Record number of planes grounded in desert

NEW figures reveal that a record total of almost 2,300 jet airliners are now parked. 1,167 of these aircraft were grounded last year, making 2008 the worst year for cutbacks since 2001.

According to data from Ascend, a global aerospace consultancy, more than 11 per cent of the global aircraft fleet of 20,293 is now in storage. Taking into account future decommissioning, that figure may even rise to match the 13 per cent reached at the end of 2001, following the 9/11 terrorist attacks on the US. Then, the global fleet comprised only 15,950 planes, so a similar share in 2009 could mean a total of some 3,000 idle airliners.

Chris Seymour, an Ascend consultant, said: “The aviation fleet data shows that at least 400 more aircraft are scheduled to be cut during 2009, with groundings being announced almost daily. This is having a negative effect on aircraft values and lease rates, although, as ever, this is creating opportunities for those who take advantage of the downcycle.”

North American carriers have announced fleet reductions totalling almost 800 aircraft since mid-2008, while European carriers have parked over 450 aircraft and Asia/Pacific airlines at least 230. The Middle East region has not been affected to the same degree however, with Emirates airline announcing a planned 14 per cent increase in capacity in 2009.

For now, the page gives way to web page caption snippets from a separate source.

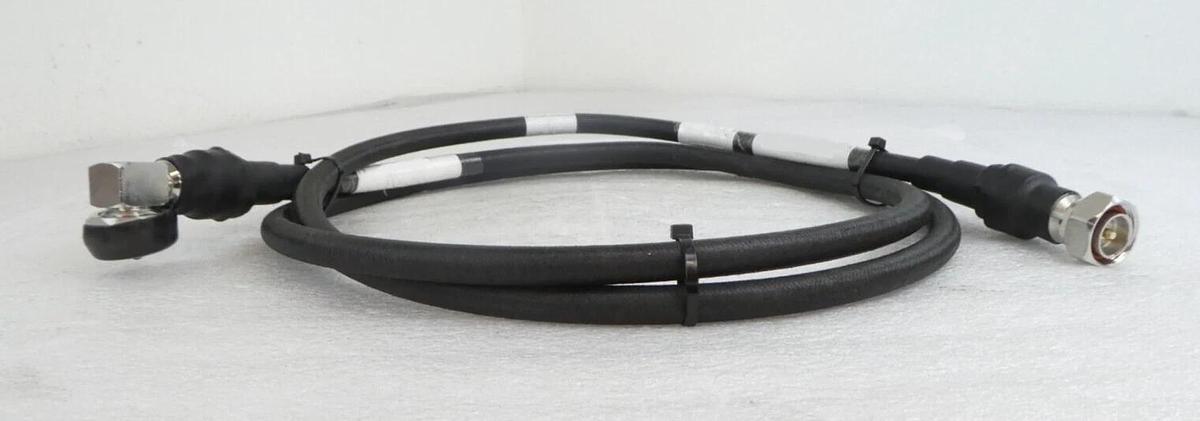 Used AMAT Applied Materials 0620-08511 RF Coaxial Cable 9 Foot Working Surplus
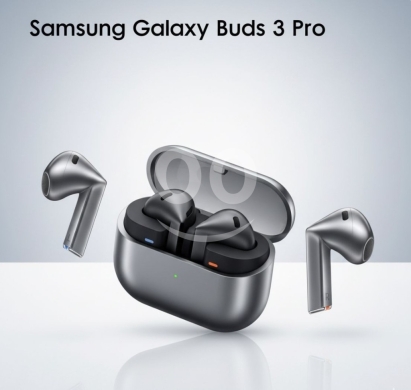 Mobile accessories in Aley - Samsung Galaxy Buds3 Pro Wireless Earbuds | ANC, Hi-Fi 24-bit Audio & Long Battery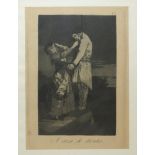 Francisco de Goya (Fuendetodos 1746-Bordeaux 1828) - A caza de dientes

According to Seymour, the severe increase in aircraft groundings is a clear indication of drastic cost-cutting measures by airlines across the board as they adjust to the challenging global economic climate, consumer belt-tightening and reduction in cargo traffic.

“Some reduction in capacity is typical over winter months as passenger traffic decreases. But this season’s fleet cuts were far more severe than those of the recent past.”

One benefactor of increased plane groundings is set to be the aviation storage business, based primarily in the Arizona and Californian deserts of America.

Aircraft boneyards are a good barometer of the state of the airline industry, Seymour says. “Generally speaking, the fuller the aircraft boneyards, the tougher the market conditions. Storage facilities are already filled with a surplus of older technology 727s, 737s and MD-80s, many of which will never fly again. However some younger aircraft and many of the 250 current generation aircraft will eventually be returned to service once the industry recovers.

“With new deliveries still likely to be around 1,000 this year, subject to financing, airlines also have to park older aircraft to avoid even more surplus capacity. The problems facing the financing community are serious and may only be alleviated by lower production rates in 2010 and for several years thereafter, as their main focus is on financing new aircraft.”